Okullardaki bütçeyle ilgili de konuşan Tekin, geçen yıllara oranla bütçede azalma söz konusu olmadığını söyledi.

 

Okullarda kayıt ücreti alındığına dair iddiaları da yanıtlayan Tekin, ortaöğretim kurumlarında sınavla ya da adrese dayalı öğrenci alan liselerin olduğunu, okul müdürünün “Kayıt yapmıyorum.” deme inisiyatifinin bulunmadığını kaydetti.

 

Süreçlerin elektronik ortam üzerinden yürütüldüğünü hatırlatan Tekin, “Kayıt hakkı olmayan okullarda veli bir şekilde oraya kaydettirmek istediği için farklı yöntemler deniyor olabilir. Kayıt hakkı olduğu haâlde kaydetmemek gibi seçenek yok. Okullarımızı, müdürlerimizi zan altında bırakmasınlar.” dedi.

 

3 milyonun üzerindeki öğrenci yemek hizmetinden faydalanıyor

Tekin, okul aile birliklerinin mevzuatının da kendileri tarafından kontrol edildiğini söyledi.

 

Geçen yaz devamsızlık ve başarısızlık sebebiyle sınıf tekrarı uygulaması başlattıklarını belirten Tekin, çok az sayıdaki ilde bu sebeple ders kitaplarının ulaşmadığı okullar olduğunu ve bu sorunun da bu hafta içerisinde büyük oranda çözüleceğini kaydetti.

 

Okullardaki yemek hizmetleriyle ilgili de Tekin, “18 milyon öğrenciye yemek yardımında bulunmak, yemek sunmak, biz bununla ilgili bir sürü akademik çalışma yaptırdık.
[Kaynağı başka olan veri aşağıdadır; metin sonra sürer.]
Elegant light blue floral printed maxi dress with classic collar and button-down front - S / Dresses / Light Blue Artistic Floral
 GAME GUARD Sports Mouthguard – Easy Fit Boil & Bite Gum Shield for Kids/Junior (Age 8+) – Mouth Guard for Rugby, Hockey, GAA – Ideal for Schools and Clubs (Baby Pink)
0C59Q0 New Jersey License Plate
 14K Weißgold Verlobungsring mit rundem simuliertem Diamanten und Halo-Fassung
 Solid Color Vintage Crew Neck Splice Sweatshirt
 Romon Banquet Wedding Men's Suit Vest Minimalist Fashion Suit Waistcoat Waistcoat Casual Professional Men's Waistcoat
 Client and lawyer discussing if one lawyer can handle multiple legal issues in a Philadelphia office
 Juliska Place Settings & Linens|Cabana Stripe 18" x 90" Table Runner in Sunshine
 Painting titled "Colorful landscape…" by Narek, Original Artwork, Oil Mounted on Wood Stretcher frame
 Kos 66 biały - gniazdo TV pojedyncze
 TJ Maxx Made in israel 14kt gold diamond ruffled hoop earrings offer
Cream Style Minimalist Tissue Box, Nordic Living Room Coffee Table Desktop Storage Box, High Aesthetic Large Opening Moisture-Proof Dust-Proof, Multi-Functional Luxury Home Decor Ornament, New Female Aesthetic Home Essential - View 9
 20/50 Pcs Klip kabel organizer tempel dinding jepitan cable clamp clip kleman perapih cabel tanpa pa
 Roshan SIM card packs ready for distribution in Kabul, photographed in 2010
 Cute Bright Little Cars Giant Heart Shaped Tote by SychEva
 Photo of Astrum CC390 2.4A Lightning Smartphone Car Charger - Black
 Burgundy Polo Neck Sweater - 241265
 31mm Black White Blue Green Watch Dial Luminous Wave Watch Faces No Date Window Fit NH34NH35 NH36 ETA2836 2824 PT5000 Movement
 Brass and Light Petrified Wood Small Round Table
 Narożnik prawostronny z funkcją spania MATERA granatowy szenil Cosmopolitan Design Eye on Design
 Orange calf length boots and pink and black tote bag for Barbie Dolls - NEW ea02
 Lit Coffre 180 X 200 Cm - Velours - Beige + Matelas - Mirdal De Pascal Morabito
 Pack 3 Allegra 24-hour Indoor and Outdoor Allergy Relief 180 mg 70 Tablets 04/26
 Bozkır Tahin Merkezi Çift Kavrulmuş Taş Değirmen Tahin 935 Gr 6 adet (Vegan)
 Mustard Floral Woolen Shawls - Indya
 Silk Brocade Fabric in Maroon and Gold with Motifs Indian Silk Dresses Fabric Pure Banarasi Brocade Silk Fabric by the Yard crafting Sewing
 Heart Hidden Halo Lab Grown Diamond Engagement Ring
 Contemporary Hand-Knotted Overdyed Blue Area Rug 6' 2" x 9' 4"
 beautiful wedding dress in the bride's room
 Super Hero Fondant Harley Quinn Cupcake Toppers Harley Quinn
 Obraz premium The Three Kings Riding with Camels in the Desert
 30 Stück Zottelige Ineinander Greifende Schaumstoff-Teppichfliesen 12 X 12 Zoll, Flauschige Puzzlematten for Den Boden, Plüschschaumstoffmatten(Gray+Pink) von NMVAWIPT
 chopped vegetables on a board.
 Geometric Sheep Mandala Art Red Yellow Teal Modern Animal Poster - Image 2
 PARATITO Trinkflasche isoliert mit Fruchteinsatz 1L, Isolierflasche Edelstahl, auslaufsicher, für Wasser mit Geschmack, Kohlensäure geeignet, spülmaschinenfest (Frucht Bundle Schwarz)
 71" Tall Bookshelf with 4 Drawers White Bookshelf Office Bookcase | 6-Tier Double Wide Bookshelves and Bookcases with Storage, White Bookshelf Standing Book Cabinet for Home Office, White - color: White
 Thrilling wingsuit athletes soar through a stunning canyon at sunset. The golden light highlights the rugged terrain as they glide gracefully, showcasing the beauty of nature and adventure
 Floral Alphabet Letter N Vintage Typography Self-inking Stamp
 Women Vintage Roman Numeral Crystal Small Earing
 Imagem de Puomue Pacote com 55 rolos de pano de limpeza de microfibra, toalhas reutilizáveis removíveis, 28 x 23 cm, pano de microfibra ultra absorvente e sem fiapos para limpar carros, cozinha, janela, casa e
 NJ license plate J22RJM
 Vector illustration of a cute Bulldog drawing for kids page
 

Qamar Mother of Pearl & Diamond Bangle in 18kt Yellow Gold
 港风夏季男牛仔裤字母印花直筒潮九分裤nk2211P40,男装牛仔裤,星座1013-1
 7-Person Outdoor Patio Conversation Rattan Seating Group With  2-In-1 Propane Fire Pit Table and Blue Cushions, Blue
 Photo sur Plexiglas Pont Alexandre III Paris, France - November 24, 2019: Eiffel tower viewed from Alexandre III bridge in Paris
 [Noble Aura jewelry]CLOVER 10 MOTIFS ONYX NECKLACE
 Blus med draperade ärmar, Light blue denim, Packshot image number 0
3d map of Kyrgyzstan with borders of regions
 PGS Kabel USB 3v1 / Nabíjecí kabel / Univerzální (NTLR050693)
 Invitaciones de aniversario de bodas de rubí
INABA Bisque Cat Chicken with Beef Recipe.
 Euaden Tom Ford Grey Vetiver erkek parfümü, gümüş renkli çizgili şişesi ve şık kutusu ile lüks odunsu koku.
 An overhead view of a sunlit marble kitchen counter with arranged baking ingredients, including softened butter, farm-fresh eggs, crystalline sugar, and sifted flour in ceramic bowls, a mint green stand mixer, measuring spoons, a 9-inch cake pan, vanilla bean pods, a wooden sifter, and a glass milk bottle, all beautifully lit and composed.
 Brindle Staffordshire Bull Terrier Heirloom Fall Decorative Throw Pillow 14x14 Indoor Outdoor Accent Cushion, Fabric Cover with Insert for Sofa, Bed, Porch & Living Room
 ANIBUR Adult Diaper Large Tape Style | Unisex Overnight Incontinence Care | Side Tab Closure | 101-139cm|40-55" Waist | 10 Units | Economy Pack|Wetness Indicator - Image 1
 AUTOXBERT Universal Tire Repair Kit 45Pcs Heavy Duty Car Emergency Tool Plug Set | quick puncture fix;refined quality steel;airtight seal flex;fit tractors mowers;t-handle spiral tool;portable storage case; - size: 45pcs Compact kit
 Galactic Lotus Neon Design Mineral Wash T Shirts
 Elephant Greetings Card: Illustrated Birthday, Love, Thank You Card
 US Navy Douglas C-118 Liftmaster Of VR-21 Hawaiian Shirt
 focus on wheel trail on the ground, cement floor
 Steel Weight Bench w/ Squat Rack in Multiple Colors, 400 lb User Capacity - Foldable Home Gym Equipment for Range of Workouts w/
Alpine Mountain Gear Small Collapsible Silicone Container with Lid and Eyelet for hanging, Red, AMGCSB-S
Bunu mantıklı ve rasyonel bulmuyoruz ancak ihtiyaç sahibi olan öğrencilerimize bu hizmeti sunuyoruz. 3 milyonun üzerinde öğrencimiz bu hizmetten faydalanıyor.” diye konuştu.

 

Tekin, özel okullarla yaptıkları görüşmelerin ardından mevzuatta değişiklik yaptıklarını ifade ederek, okullardaki öğretmen ücretleriyle ilgili denetimler yaptıklarını söyledi. Gerekli durumlarda okullara yaptırımlar uygulayacaklarını belirten Tekin, usule aykırı işlem olması durumunda ilk olarak asgari ücretin on katı, ikincisinde yirmi katı ceza, üçüncüsünde ise tamamen kapatma cezası vereceklerini anlattı.

 

Özel okullarda ders kitaplarının fahiş fiyatlarla satılıp satılmadığına ilişkin Ticaret Bakanlığıyla ortak denetimler yaptıklarını aktaran Tekin, şu anda binin üzerinde okulun denetlendiğini ve ceza uygulamasıyla karşı karşıya bıraktıkları okullar olduğunu kaydetti.

 

Türkiye’deki Fransız okullarıyla ilgili son durumun sorulması üzerine Tekin, uluslararası sözleşme hazırlama konusunda Fransa’yla görüşmelerin devam ettiğini, bu noktada Fransa’daki büyükelçilikten, eğitim müşavirliğinden ve orada yaşayan vatandaşlardan da sözleşmeye eklenmesi gerekenlere ilişkin görüş aldıklarını dile getirdi.

 

Öğretmen atamaları

Bakan Tekin, öğretmen atamalarıyla ilgili soruya ilişkin, her yıl öğretmen ihtiyacıyla ilgili değerlendirmeler yaptıklarını anlattı.

 

Atama sonuçlarıyla ilgili Danıştay’ın kararını beklediklerini kaydeden Tekin, Danıştay’ın kararına göre, mülakat notunun yüzde 100 ya da yüzde 50’siyle atama yapacaklarını belirtti.

 

Tekin, önceki gün atama sonuçlarının E-Devlete açılmasıyla ilgili “Önceki gün, Bilgi İşlem Daire Başkanlığımızdaki bir arkadaşımız sistemin verilerini E-Devlete açmış. Bunu iyi niyetli mi yaptı, kötü niyetli mi yaptı? Onunla ilgili bir soruşturma süreci yürüteceğiz.” şeklinde konuştu. Tekin, sonuçların açılmasıyla ilgili soruşturma açtıklarını söyledi.

 

Danıştay’dan karar çıkmadığı için henüz atamaların olmadığını belirten Tekin, Danıştay’dan karar çıktığı zaman oradaki hesaplama yöntemine göre hesaplama yapacaklarını ve ekranı açacaklarını dile getirdi.

 

Atama dönemindeki mülakat süreciyle ilgili Tekin, öğretmenlik mesleğinde mülakat yapılmasını, gereken bir uygulama olarak gördüğünü ifade etti.

 

“Yaptığı şeyin hiçbir şekilde tasvip edilecek bir tarafı yok”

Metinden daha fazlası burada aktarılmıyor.